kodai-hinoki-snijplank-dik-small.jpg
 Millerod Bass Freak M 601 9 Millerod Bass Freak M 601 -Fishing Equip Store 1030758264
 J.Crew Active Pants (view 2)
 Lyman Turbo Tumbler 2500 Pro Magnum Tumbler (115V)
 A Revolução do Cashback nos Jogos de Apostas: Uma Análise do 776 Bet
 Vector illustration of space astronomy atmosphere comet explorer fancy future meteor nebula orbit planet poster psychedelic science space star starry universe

::::::

*Work instruction*. The required output is every line of the entries, starting at the one that contains "Millerod Bass Freak M 601 9" and ending at the last, copied exactly.

*Exercise solution*.
 Millerod Bass Freak M 601 9 Millerod Bass Freak M 601 -Fishing Equip Store 1030758264
 J.Crew Active Pants (view 2)
 Lyman Turbo Tumbler 2500 Pro Magnum Tumbler (115V)
 A Revolução do Cashback nos Jogos de Apostas: Uma Análise do 776 Bet
 Vector illustration of space astronomy atmosphere comet explorer fancy future meteor nebula orbit planet poster psychedelic science space star starry universe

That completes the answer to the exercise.